Unknown-1724
Attorney General of New York, 1710-1712
May Bickley was born in England and is believed to have been well educated and admitted to practice as a solicitor. He arrived in New York around the year 1701 and was admitted to the New York bar on October 7, 1701. He soon had a thriving practice with many matters before the Supreme Court and the Court of Chancery.
Upon the death of Attorney General Sampson Shelton Broughton, Bickley was appointed Attorney General of the Province by the Governor, Lord Cornbury. The Board of Trade in London appointed John Rayner to the post, but when Rayner returned to England a year later, the Governor again commissioned Bickley as Attorney General. Bickley also served as Recorder of the City of New York and Advocate General of the Court of Vice-Admiralty.
May Bickley, as Attorney General, was prosecutor in the alleged “Negro Plot of 1712.” Of the 28 people tried without a jury in New York City Hall, 21 were sentenced to barbaric deaths — 20 were burned to death, some were hung in chains to starve to death and one was executed on a breaking wheel. The severity of punishments indicates the white population’s fear and suspicion of blacks, the same fear underlying the hysteria that led to the New York Slave Insurrection of 1741. Bickley was replaced as Attorney General on June 10, 1712.

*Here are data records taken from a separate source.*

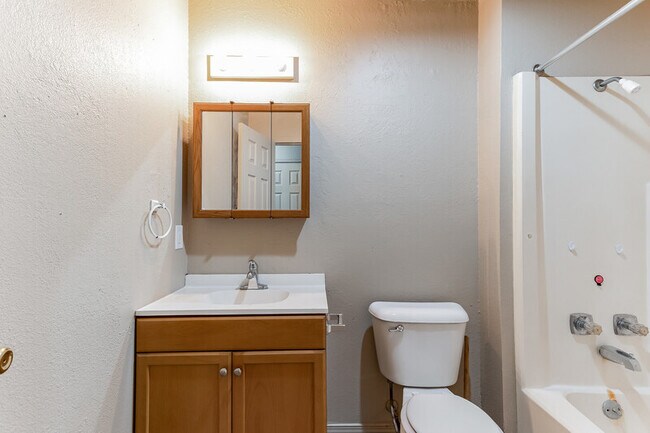 Building Photo - 404 E Texas Dr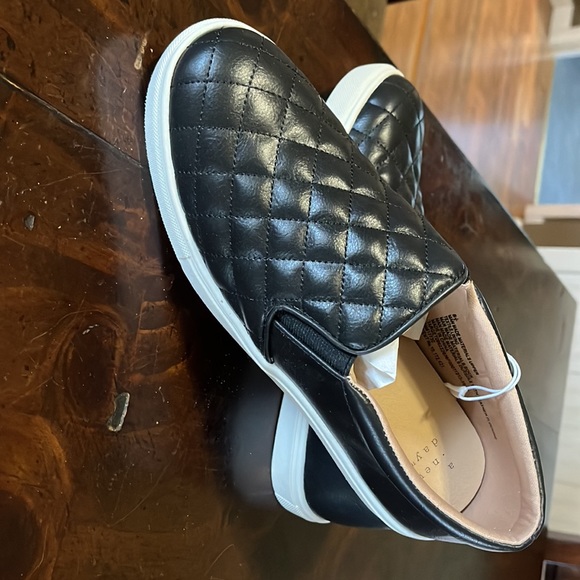 Women’s size 8.5 quilted shoes - Picture 3 of 3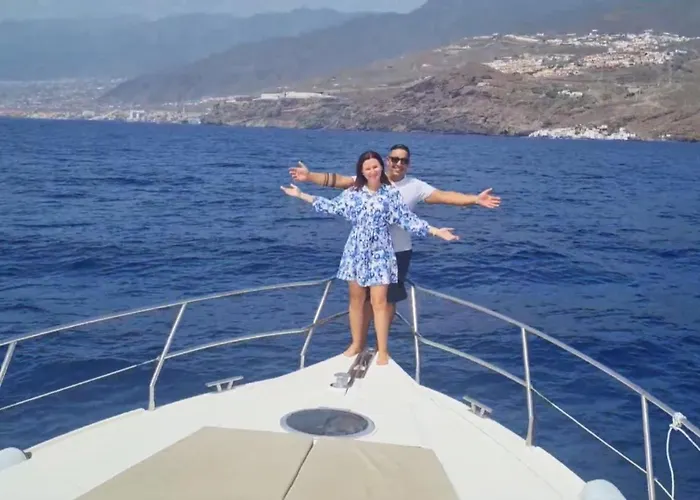 Luxury Yacht In Santa Cruz Port Optional At Extra Cost Plus Tour With Skipper & Stewardess, Cocktails, Food, Islandwide Pick-Up And Return Hotel en barco Santa Cruz de Tenerife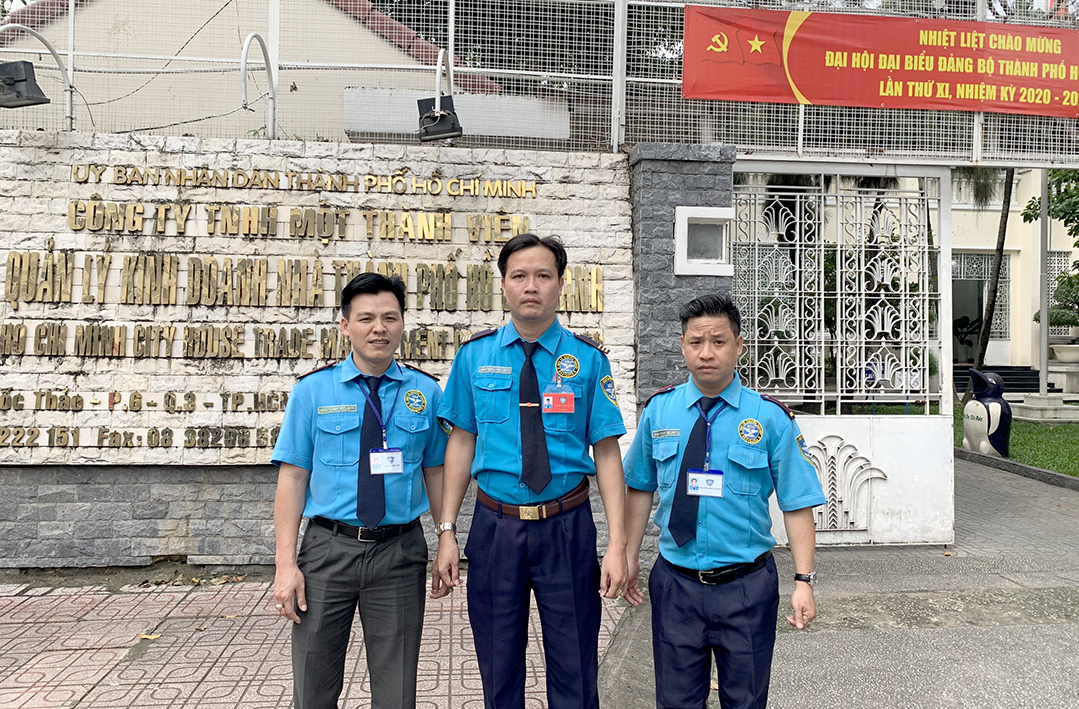 Cùng nhân viên bảo vệ Ngày & Đêm tại Công ty quản lý kinh doanh nhà TP.HCM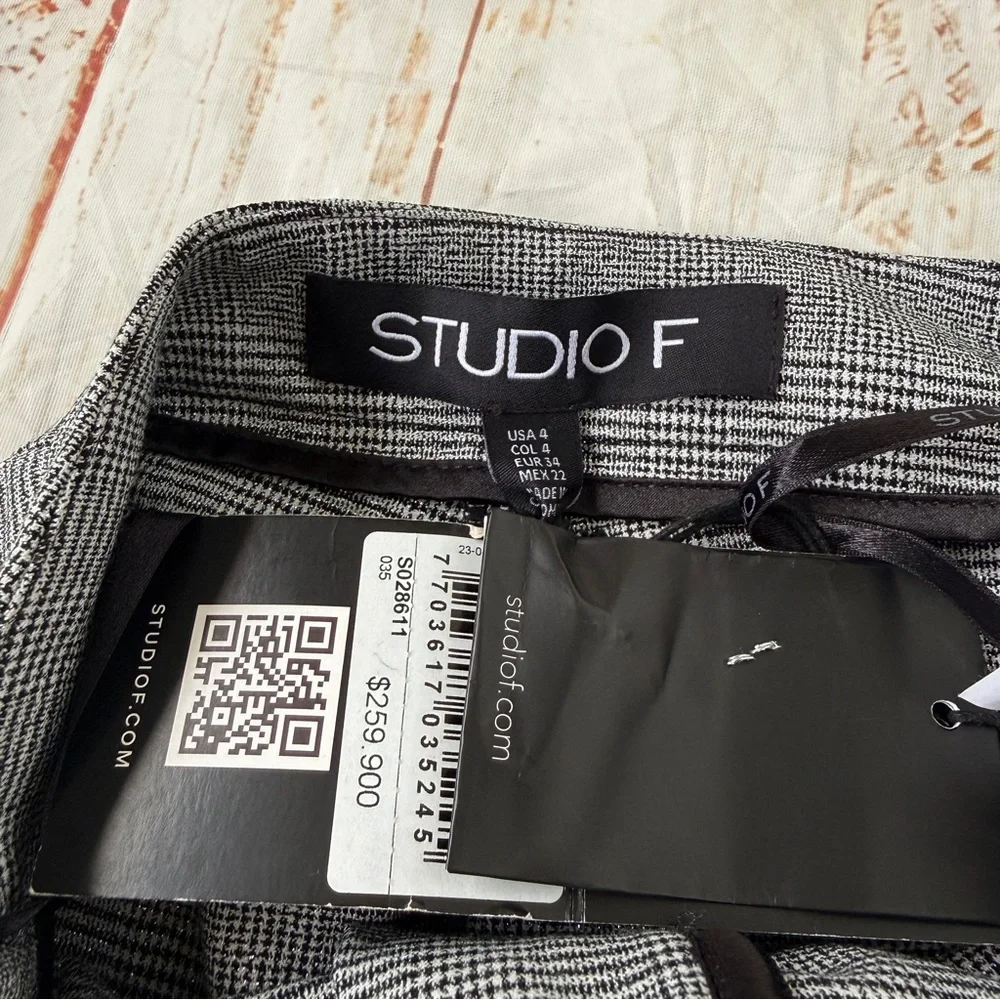 Studio F | Classic Plaid Flared Trousers | Size 4 |‎ Tailored Chic - Picture 9 of 10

Bickley also served as a judge of the Court of General Sessions in New York City and in 1709 was one of the founding members of the New York Bar Association.
May Bickley died at his home in the Bowery on April 2, 1724.
Sources
Paul Mahlon Hamlin, Charles Edwin Baker. Supreme Court of Judicature of the Province of New York, 1691-1704 (1959)
Thomas J. Davis. A Rumor of Revolt: The “Great Negro Plot” in Colonial New York (1990).